Velocity Reviews - Computer Hardware Reviews

Velocity Reviews > Newsgroups > Programming > Perl > Perl Misc > waitpid woes on Solaris, Perl 5.8.8

Reply
Thread Tools

waitpid woes on Solaris, Perl 5.8.8

 
 
A
Guest
Posts: n/a
 
      02-13-2007
I am getting intermittent unexpected result from waitpid on Solaris 9
running Perl 5.8.8.

Here is the scenario (the bare bones code is below).

Program_A, written in Perl, is invoked about a million times every
day. Most of the times, it invokes (using fork-exec) Program_B which
is written in C++. Program_A uses waitpid to get the exit code of
Program_B.
It works fine most of the times, but about a few dozen times every
day, the waitpid apparently fails and when it fails, I get

$? is -1
$! is "No child processes"

In all of the cases I have investigated, the child process, Program_B,
started and completed gracefully with "exit(0)" and of course, the pid-
s match from the trace log of both processes.

The output, from the code below, in such case is

Child pid=5196, exitCode=0xffffffff (No child processes)

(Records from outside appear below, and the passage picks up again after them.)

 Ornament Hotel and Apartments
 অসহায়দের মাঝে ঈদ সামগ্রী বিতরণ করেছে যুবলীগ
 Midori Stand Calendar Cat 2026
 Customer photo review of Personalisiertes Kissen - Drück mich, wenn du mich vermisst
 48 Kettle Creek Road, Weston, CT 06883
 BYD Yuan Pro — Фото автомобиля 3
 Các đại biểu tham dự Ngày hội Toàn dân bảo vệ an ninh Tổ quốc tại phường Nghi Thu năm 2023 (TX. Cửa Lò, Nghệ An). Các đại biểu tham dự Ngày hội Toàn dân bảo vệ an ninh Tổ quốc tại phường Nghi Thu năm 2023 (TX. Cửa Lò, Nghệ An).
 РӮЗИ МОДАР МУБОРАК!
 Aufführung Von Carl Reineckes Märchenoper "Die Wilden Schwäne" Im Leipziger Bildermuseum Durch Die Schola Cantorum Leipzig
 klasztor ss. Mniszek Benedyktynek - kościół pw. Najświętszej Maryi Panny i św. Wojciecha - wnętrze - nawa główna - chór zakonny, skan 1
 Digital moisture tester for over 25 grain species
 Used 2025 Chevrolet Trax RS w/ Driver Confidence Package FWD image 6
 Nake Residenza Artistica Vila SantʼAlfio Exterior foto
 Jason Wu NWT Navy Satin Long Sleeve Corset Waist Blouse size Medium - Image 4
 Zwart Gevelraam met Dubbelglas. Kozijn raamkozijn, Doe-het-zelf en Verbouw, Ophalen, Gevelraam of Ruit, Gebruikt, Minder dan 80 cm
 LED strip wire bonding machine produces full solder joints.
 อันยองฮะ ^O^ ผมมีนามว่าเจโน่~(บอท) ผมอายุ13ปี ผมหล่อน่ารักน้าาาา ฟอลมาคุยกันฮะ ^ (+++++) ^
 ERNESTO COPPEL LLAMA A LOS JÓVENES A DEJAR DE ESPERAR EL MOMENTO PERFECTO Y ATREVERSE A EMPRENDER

Program_A itself is transient and short lived, and, depending on its
input, executes Program_B at most once.

What am I doing wrong?
How to detect and correct this?

Thanks for your help.

# ------------------------------------------- begin code
-------------------------------------------------
#!/usr/local/bin/perl

# program_A

my $cpid;
my $ec = undef;
my $em = undef;

sub getChildStatus
{
my $tc = undef;
my $tm = undef;
my $r = undef;

while ( 1 ) {
$r = waitpid($cpid, 0);
$tc = $?;
$em = $!;
last if ( -1 == $r || $r == $cpid );
print STDERR "waitpid($cpid, 0) returned $r ( $? )\n";
}
if ( $cpid == $r ) {
$ec = $tc;
$em = $tm;
}
}

sub sigCLDhandler
{
my $sig = shift;
print STDERR "caught SIG $sig\n";
getChildStatus;
}


sub runIt
{
my $oldSigCld = $SIG{CLD};
local $SIG{CLD} = \&sigChldHandler;

$cpid = fork;
if ( ! defined $cpid ) { print STDERR "fork failed [ $! ]\n";
return; }

if ( 0 == $cpid ) {
print STDERR "child pid $$ starting\n";

exec program_B, .. .. ..;

print STDERR "child pid $$: exec failed [$!], exiting with -1\n";
exit(-1);
} # 0 == $cpid i.e. the child

getChildStatus; # only the parent reaches here
$SIG{CLD} = $oldSigCld ;
} # runIt

#
# main
#
runIt;
if ( $ec ) {
printf STDERR "Child pid=$cpid exitcode=%#08x msg=(%s)\n", $ec, $em;
}

# ------------------------------------------- end code
-------------------------------------------------

 
Reply With Quote
 
 
 
 
xhoster@gmail.com
Guest
Posts: n/a
 
      02-13-2007
"A" <(E-Mail Removed)> wrote:
> I am getting intermittent unexpected result from waitpid on Solaris 9
> running Perl 5.8.8.
>
> Here is the scenario (the bare bones code is below).
>
> Program_A, written in Perl, is invoked about a million times every
> day. Most of the times, it invokes (using fork-exec) Program_B which
> is written in C++. Program_A uses waitpid to get the exit code of
> Program_B.
> It works fine most of the times, but about a few dozen times every
> day, the waitpid apparently fails and when it fails, I get
>
> $? is -1
> $! is "No child processes"
>
> In all of the cases I have investigated, the child process, Program_B,
> started and completed gracefully with "exit(0)" and of course, the pid-
> s match from the trace log of both processes.
>
> The output, from the code below, in such case is
>
> Child pid=5196, exitCode=0xffffffff (No child processes)
>
> Program_A itself is transient and short lived, and, depending on its
> input, executes Program_B at most once.
>
> What am I doing wrong?


You are mucking with $SIG{CLD} when, as far as I can tell, you have
no need to. getChildStatus (and the waitpid in it) can get called twice,
once from the sig handler and once from the runIt. If it does get called
twice, the second time that child no longer exists, as it was already
waited on. Remove the $SIG{CLD} stuff.

Xho

--
-------------------- http://NewsReader.Com/ --------------------
Usenet Newsgroup Service $9.95/Month 30GB
 
Reply With Quote
 
 
 
 
A
Guest
Posts: n/a
 
      02-14-2007
On Feb 13, 3:44 pm, (E-Mail Removed) wrote:
>
> You are mucking with $SIG{CLD} when, as far as I can tell, you have
> no need to. getChildStatus (and the waitpid in it) can get called twice,
> once from the sig handler and once from the runIt. If it does get called
> twice, the second time that child no longer exists, as it was already
> waited on. Remove the $SIG{CLD} stuff.
>
> Xho
>
> - Show quoted text -


Thanks for your reply.

First, there's a typo in my original message.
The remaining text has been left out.